Create a Redis deployment:
kubectl apply -f https://k8s.io/examples/application/guestbook/redis-master-deployment.yaml
The output of a successful command verifies that the deployment was created:
deployment.apps/redis-master created
View the pod status to check that it is ready:
kubectl get pods
The output displays the pod created:
NAME READY STATUS RESTARTS AGE
redis-master-765d459796-258hz 1/1 Running 0 50s
View the deployment status:
kubectl get deployment
The output displays that the deployment was created:
NAME DESIRED CURRENT UP-TO-DATE AVAILABLE AGE
redis-master 1 1 1 1 55s
View the replicaset status using:
kubectl get rs
The output displays that the replicaset was created:
NAME DESIRED CURRENT READY AGE
redis-master-765d459796 1 1 1 1m
Create a Redis service:
kubectl apply -f https://k8s.io/examples/application/guestbook/redis-master-service.yaml
The output of a successful command verifies that the service was created:
service/redis-master created
Check the service created:
kubectl get svc | grep redis
The output displays the service created:
NAME TYPE CLUSTER-IP EXTERNAL-IP PORT(S) AGE
redis-master ClusterIP 10.0.0.213 <none> 6379/TCP 27s
Verify that the Redis server is running in the pod and listening on port 6379:
kubectl get pods redis-master-765d459796-258hz --template='{{(index (index .spec.containers 0).ports 0).containerPort}}{{"\n"}}'
The output displays the port:
6379
kubectl port-forward
allows using resource name, such as a service name, to select a matching pod to port forward to since Kubernetes v1.10.

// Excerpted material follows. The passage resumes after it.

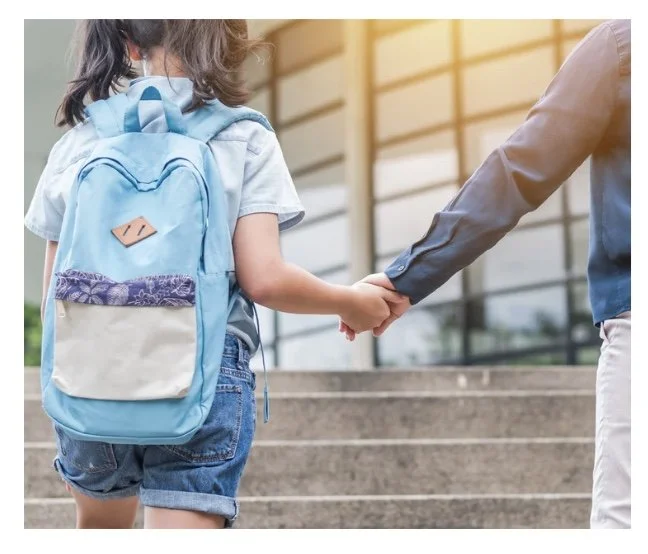 Bonne rentrée scolaire à tous les parents qui accompagnent leur enfant dans cette belle étape!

kubectl port-forward redis-master-765d459796-258hz 6379:6379
which is the same as
kubectl port-forward pods/redis-master-765d459796-258hz 6379:6379
or
kubectl port-forward deployment/redis-master 6379:6379
or
kubectl port-forward rs/redis-master 6379:6379
or
kubectl port-forward svc/redis-master 6379:6379
Any of the above commands works. The output is similar to this:
I0710 14:43:38.274550 3655 portforward.go:225] Forwarding from 127.0.0.1:6379 -> 6379
I0710 14:43:38.274797 3655 portforward.go:225] Forwarding from [::1]:6379 -> 6379
Start the Redis command line interface:
redis-cli
At the Redis command line prompt, enter the ping
command:
127.0.0.1:6379>ping
A successful ping request returns PONG.
Connections made to local port 6379 are forwarded to port 6379 of the pod that is running the Redis server. With this connection in place you can use your local workstation to debug the database that is running in the pod.
Warning: Due to known limitations, port forward today only works for TCP protocol. The support to UDP protocol is being tracked in issue 47862.